++++ EXERCISE DATA
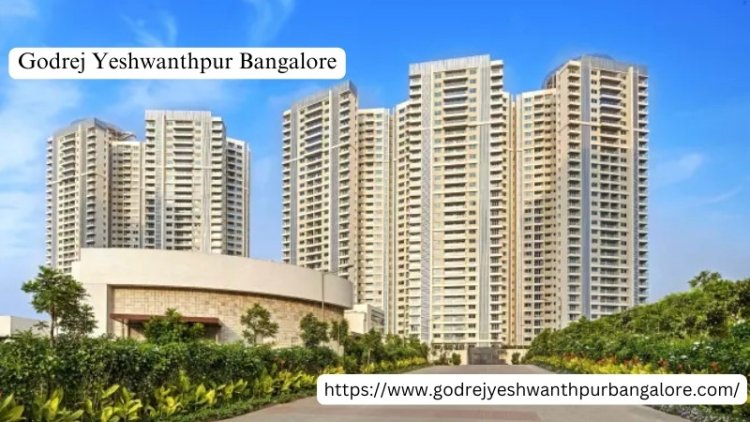 Godrej Yeshwanthpur Bangalore | Discover Residential Spaces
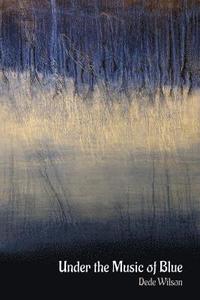 bokomslag Under the Music of Blue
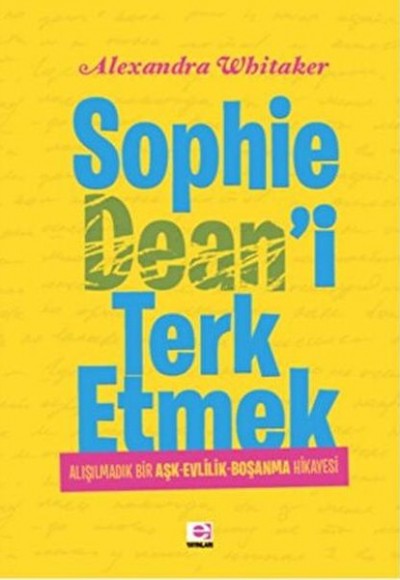 Sophie Dean'i Terk Etmek Sophie Dean'i Terk Etmek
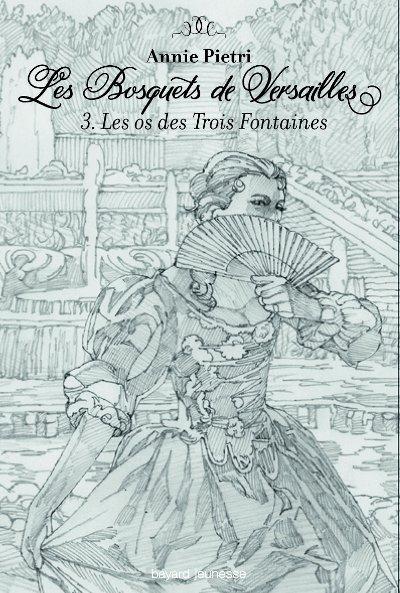 LES BOSQUETS DE VERSAILLES, TOME 03 - LES OS DES TROIS FONTAINES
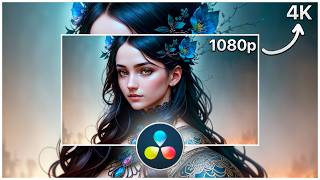 How to UPSCALE Video 1080p to 4K Resolution in Davinci Resolve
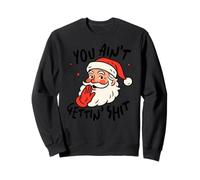 Père Noël Sarcastique - You Ain't Gettin' Shit - Funny Christmas Sweatshirt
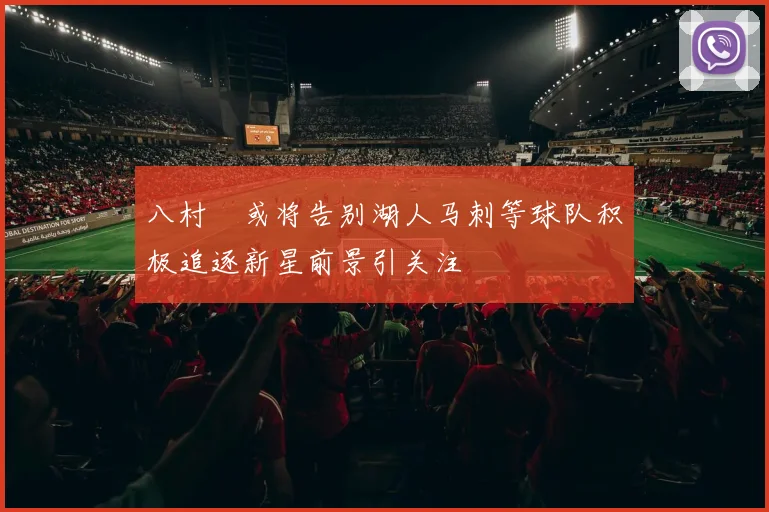 八村塁或将告别湖人马刺等球队积极追逐新星前景引关注
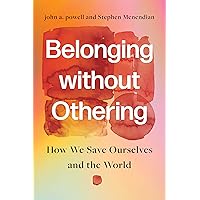 Belonging without Othering: How We Save Ourselves and the World Belonging without Othering: How We Save Ourselves and the World Hardcover Kindle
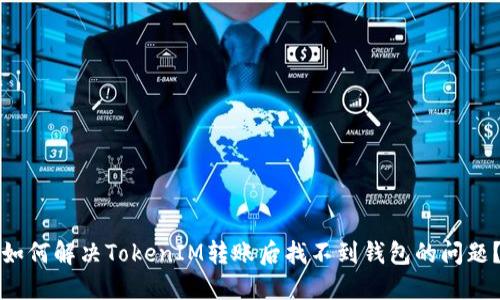 如何解决TokenIM转账后找不到钱包的问题？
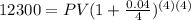 12300=PV(1+ \frac{0.04}{4} )^{(4)(4)}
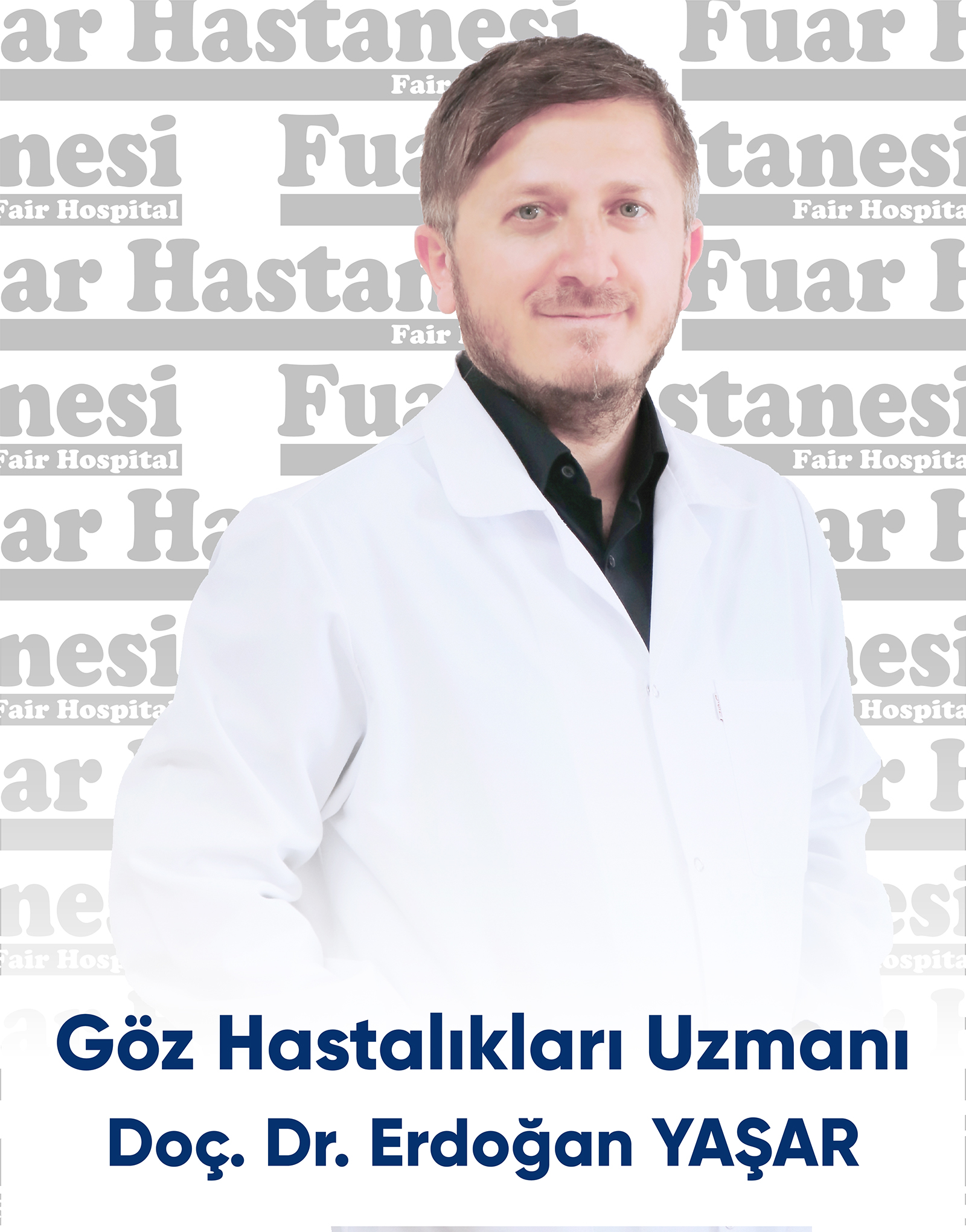 Özel Fuar Hastanesi Göz Hastalıkları Uzmanı Doç. Dr. Erdoğan Yaşar,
++++++++
WHAT YOU WILL DO: Exactly those lines that run from the line holding "如何解决TokenIM转账后找不到钱包的问题？" to the end of the listing above, both included, are to be reproduced, with pictures left out.

REPLY:
 如何解决TokenIM转账后找不到钱包的问题？
 12300=PV(1+ \frac{0.04}{4} )^{(4)(4)}
 Özel Fuar Hastanesi Göz Hastalıkları Uzmanı Doç. Dr. Erdoğan Yaşar,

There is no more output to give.